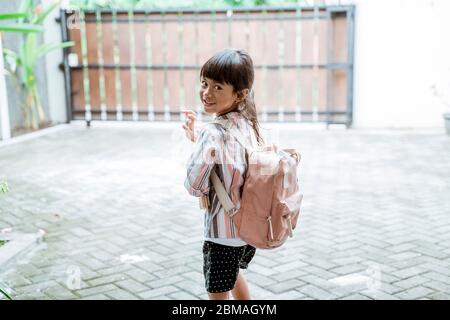 Junge Kind winken Abschied vor der Schule am Morgen Stockfoto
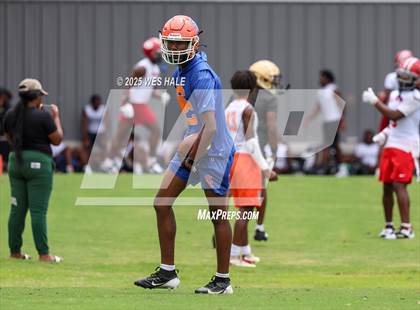 Thumbnail 2 in DeSoto Central vs Southaven (U of Memphis 7v7) photogallery.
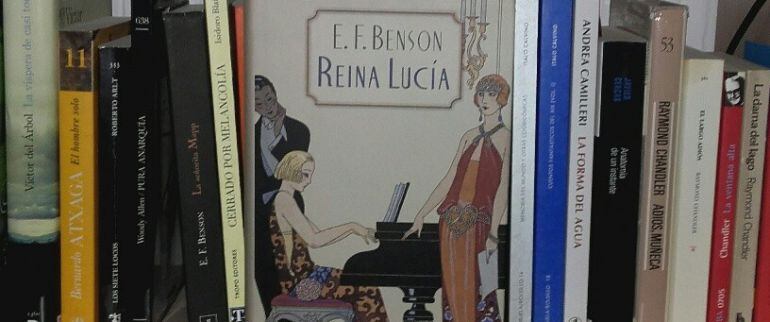 El libro &#039;Reina Lucía&#039; de Benson está en la sección de préstamo de la biblioteca municipal.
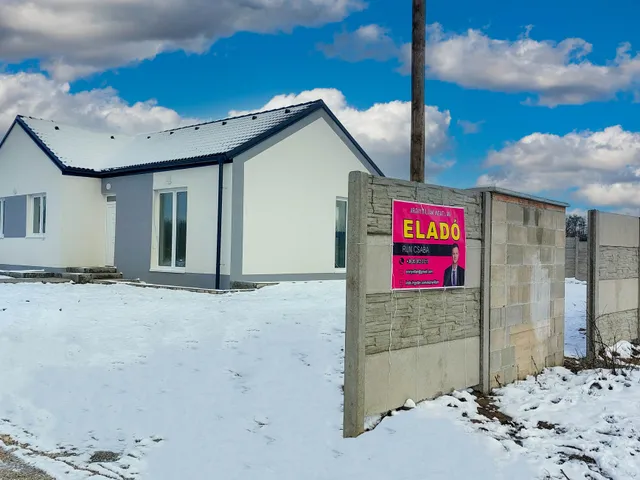 Eladó lakás Győrszemere, Pacsirta utca 92 nm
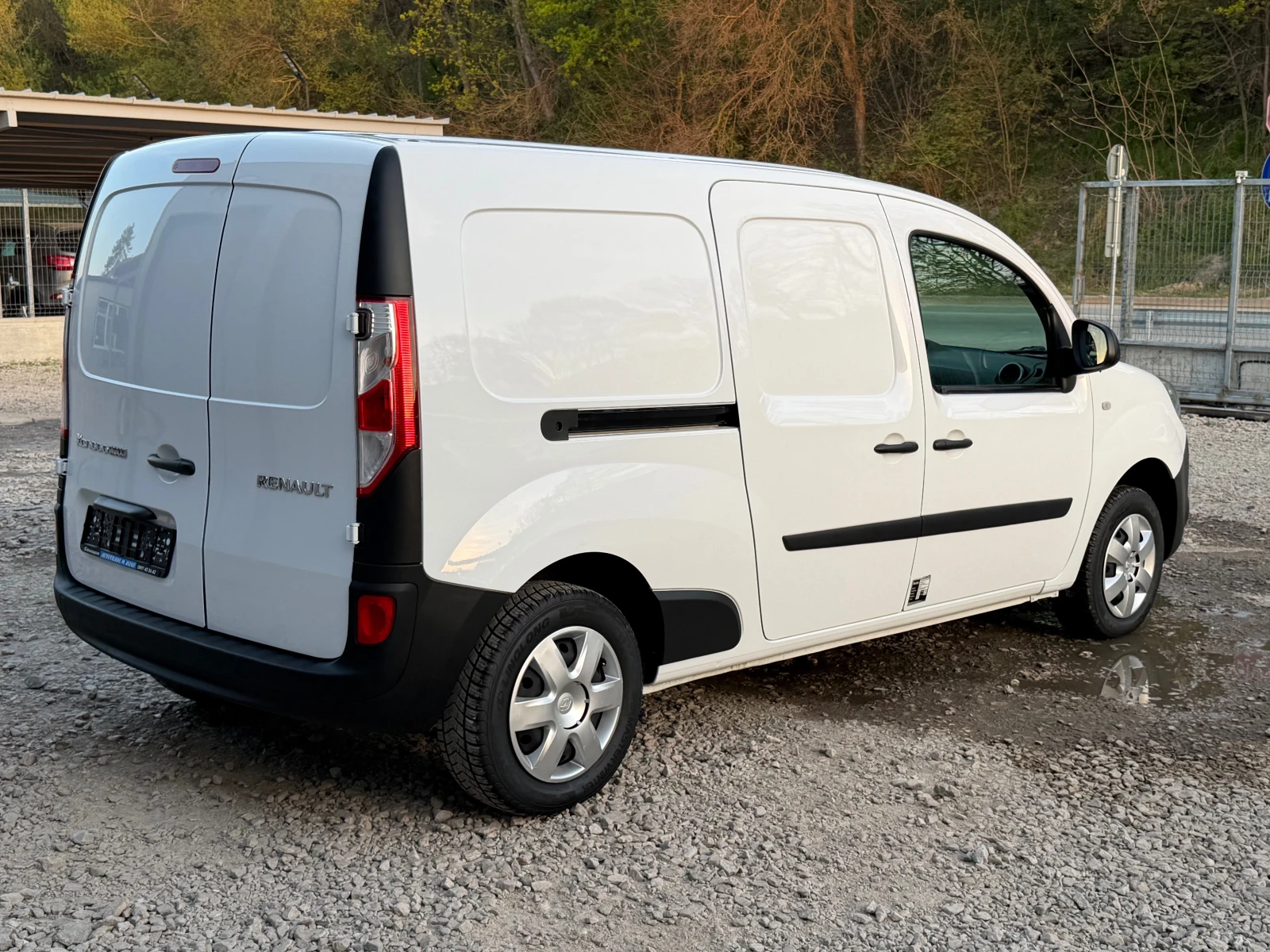 Renault Kangoo 1.5DCI* MAXI* 11.2019* EVRO6, снимка 4 - Автомобили и джипове - 54221322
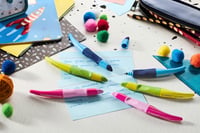 Ergonomické rollery STABILO EASYoriginal pre pravákov – tmavomodrá/svetlomodrá, zmizíkovateľný modrý atrament, 0,5 mm, s náplňou 6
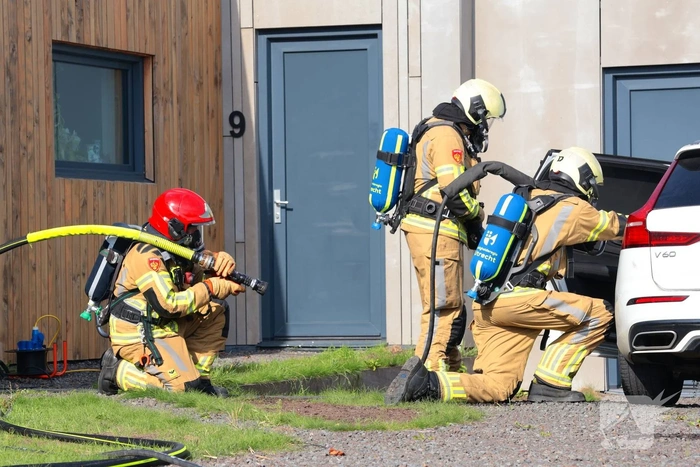 Hybride auto in brand door accupakket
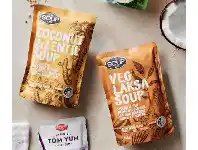ALDI The Soup Co. Pouched Soups 400g offer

====

The answer should be an exact copy of the material, with its pictures removed.

:: REPLY ::
 Junge Kind winken Abschied vor der Schule am Morgen Stockfoto
 Thumbnail 2 in DeSoto Central vs Southaven (U of Memphis 7v7) photogallery.
 El libro &#039;Reina Lucía&#039; de Benson está en la sección de préstamo de la biblioteca municipal.
 Eladó lakás Győrszemere, Pacsirta utca 92 nm
 Renault Kangoo 1.5DCI* MAXI* 11.2019* EVRO6, снимка 4 - Автомобили и джипове - 54221322
 Ergonomické rollery STABILO EASYoriginal pre pravákov – tmavomodrá/svetlomodrá, zmizíkovateľný modrý atrament, 0,5 mm, s náplňou 6
 Hybride auto in brand door accupakket
ALDI The Soup Co. Pouched Soups 400g offer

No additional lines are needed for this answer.